** Opening Listed entries block **

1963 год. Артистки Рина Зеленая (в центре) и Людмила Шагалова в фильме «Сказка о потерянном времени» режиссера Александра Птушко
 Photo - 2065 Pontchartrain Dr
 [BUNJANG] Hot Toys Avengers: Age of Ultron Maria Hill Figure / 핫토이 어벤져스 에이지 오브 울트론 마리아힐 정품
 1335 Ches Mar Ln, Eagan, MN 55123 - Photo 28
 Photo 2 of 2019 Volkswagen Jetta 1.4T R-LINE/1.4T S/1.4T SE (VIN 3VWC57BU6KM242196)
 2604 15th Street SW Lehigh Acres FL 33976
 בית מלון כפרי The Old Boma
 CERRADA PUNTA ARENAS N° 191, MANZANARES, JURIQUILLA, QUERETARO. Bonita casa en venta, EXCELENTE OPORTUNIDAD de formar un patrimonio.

** Closing Listed entries block **

What the task asks: Take each line of the material above that holds the string "Photo" and copy it.

Solution to this task:
 Photo - 2065 Pontchartrain Dr
 1335 Ches Mar Ln, Eagan, MN 55123 - Photo 28
 Photo 2 of 2019 Volkswagen Jetta 1.4T R-LINE/1.4T S/1.4T SE (VIN 3VWC57BU6KM242196)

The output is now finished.